Changes to storage policies#
Research Computing is making policy changes regarding storage organization and retention. This is in response to the increasing needs of users, and represent best practice.
Policy updates
- User scratch directories (/scratch/u/...) will be deleted
- Files in scratch that have not been accessed or modified in the last 60 days will be removed daily
User scratch removal#
Research Computing will no longer provide user scratch directories. For reference, these directories have been located at /scratch/u/netid
. This is a response to user feedback about confusion over purpose of user vs. group scratch. Additionally, we have found that group scratch is more heavily utilized, and more actively utilized, i.e., less old data. We encourage all users to cleanup their user scratch data immediately. Research Computing will begin deleting these directories on March 6, 2024.
Scratch retention#
Research Computing has had documented guidance for use of scratch storage in the HPC environment since the start of operations for the HPC cluster. This included a data deletion policy for old files in the scratch file system. Historically, we have not enforced this policy in any automated way. In fact, we have only emailed our MCW users to manually cleanup their scratch space when storage ran out. This has led to issues with users storing old data in scratch that is not needed and takes up valuable space meant for new jobs.
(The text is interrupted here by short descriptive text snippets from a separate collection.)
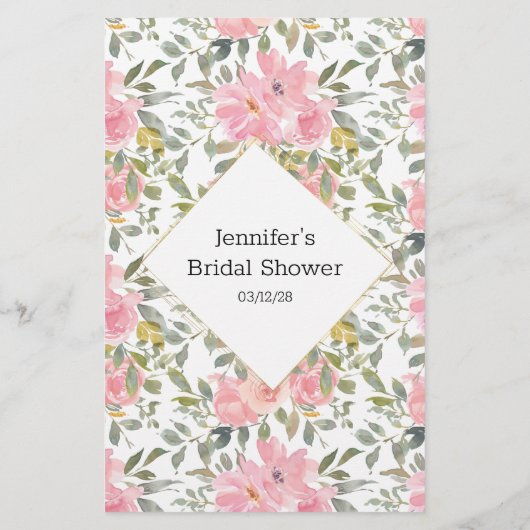 ブライダルシャワーゲーム緑豊かなblusドレスフライヤーを推測 チラシ (裏面)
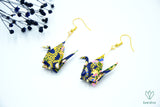 Boucles d'oreilles en papier origami en forme de grue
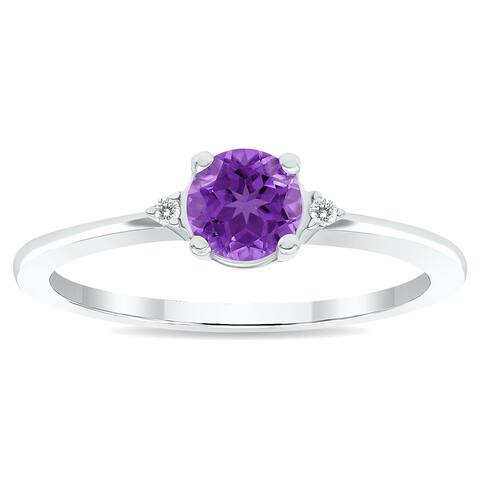 Women's Amethyst and Diamond Classic Band in 10K White Gold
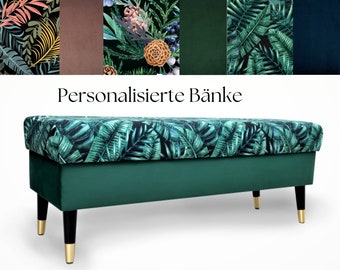 Banc avec espace de rangement Ottoman Sélection de tissu personnalisée Coffre à chaussures Banc à chaussures coffre Repose-pieds avec rangement DE lux JUNGLE HANDMADE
To fix these issues, Research Computing will begin deleting old scratch data with an automated script. The script will daily scan all files and directories in your scratch space and move any objects that have not been modified or accessed in the last 60 days to a daily trash space. After 14 days, a daily trash space will expire and be deleted. This means that the scratch file system will be cleaned up every day, and you will have the opportunity to retrieve those old files for an additional 14 days.
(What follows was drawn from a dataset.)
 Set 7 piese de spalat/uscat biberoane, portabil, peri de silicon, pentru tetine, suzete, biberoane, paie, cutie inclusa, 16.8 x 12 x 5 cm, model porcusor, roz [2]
This scratch retention process is effective March 6, 2024. For details, please review the scratch retention information.
Next steps for you#
Start cleaning up your scratch directories. If you have data in /scratch/u
, move it to your lab group space /group/pi_netid
, or /scratch/g/pi_netid
if you have more jobs to run.
We encourage all users to review the FAQ section below for answers to common questions. All further questions should be submitted to help-rcc@mcw.edu.
FAQ#
How do I know the age of my files?
To list files in a directory ordered by age from top to bottom:
ls -latr
To find all files in a directory that have not been modified in the last 60 days:
find /path/to/directory -mtime +60
To find all files in a directory that have not been accessed in the last 60 days:
find /path/to/directory -atime +60
Remember, the scratch file system is not for regular data storage. It is only to be used for storing data while a SLURM job is running. When the job finishes, clean it up. There should never be a time where old data exists in your scratch folder. In this way, you can avoid a situation where you do not know or remember the age of a file.
My PI does not have space in their group storage. Where do I store my user scratch data?
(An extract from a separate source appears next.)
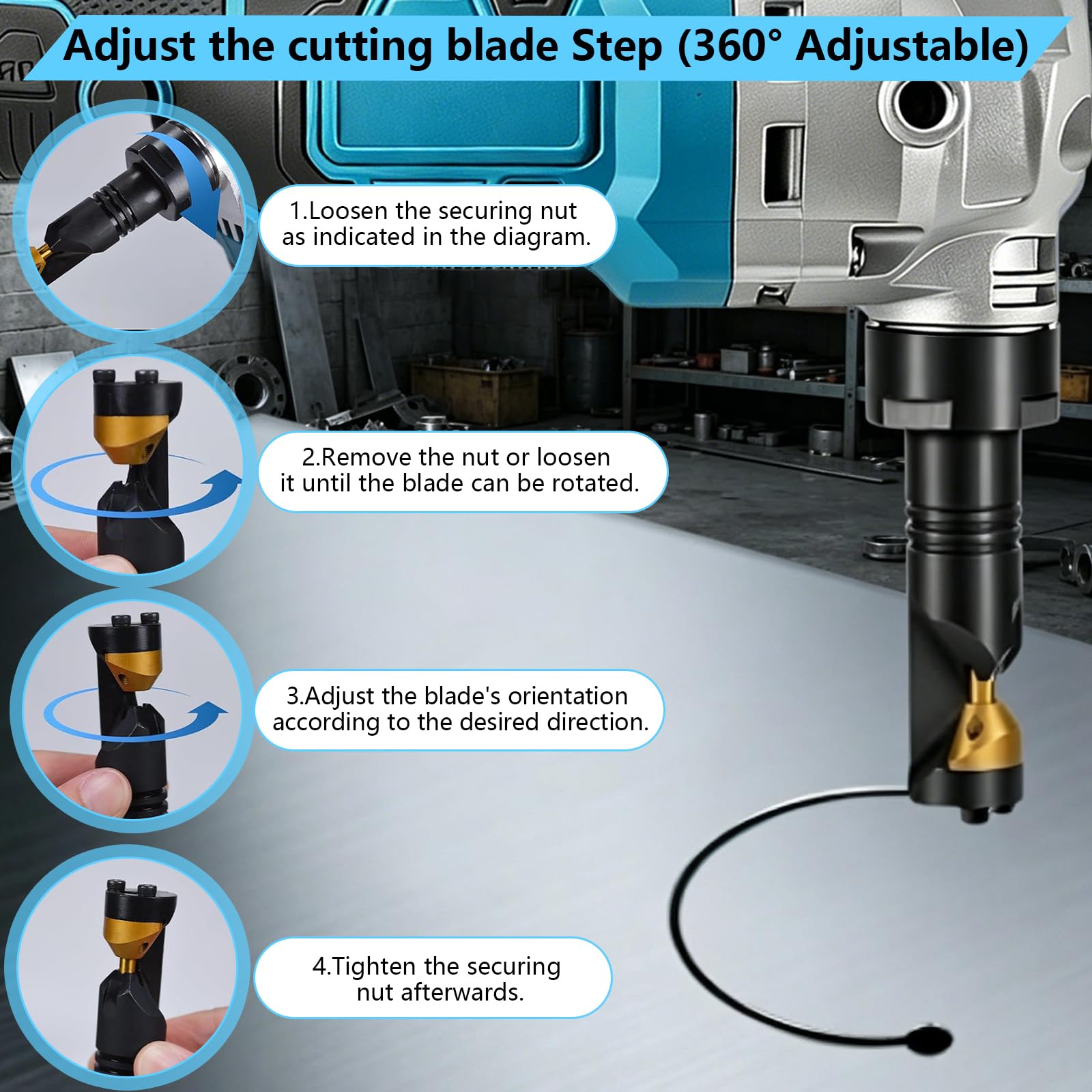 Cortador de Chapa Metalica, 21V 1100W Nibbler Eléctrica con 2 Baterías Cortadora para Acero Inoxidable de 2mm Hierro y Aluminio de 3mm Cabezal de Corte Giratorio de 360°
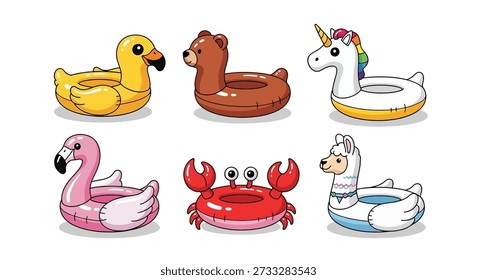 A set of six colorful inflatable pool floats, including a duck, bear, unicorn, flamingo, crab, and llama.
You should discuss this issue with your PI. Group storage is available with higher quota limits for $60/TB/year. Contact help-rcc@mcw.edu if you require assistance in discussing this issue.
Remember, it is best to avoid this situation. Do not use scratch storage as a free general data storage. Do not use the cluster to generate results if you are not willing to store that data either in group storage, or some other lab solution.
I am a PI. How do I know if my past/present lab members have data stored in scratch that could be deleted?
We suggest to ask those lab members directly. The best person to identify a piece of data is the person that generated it. If you cannot contact that lab member, contact help-rcc@mcw.edu to arrange a consultation.
I have data in scratch now. Will my data be deleted?
This depends on the age of your data. Any data older than 60 days will be moved to a trash folder for another 14 days. After that time, it will be deleted. Avoid that situation by cleaning up your scratch folder early and often.
Is my scratch data backed up before you delete it?
No, data in /scratch
is not backed up, replicated, snapshotted, or protected by any other means. Again, this is temporary space only for data being processed in a SLURM job. Do not leave your data in scratch where it may be deleted or lost. Clean it up early and often by transferring results to group storage.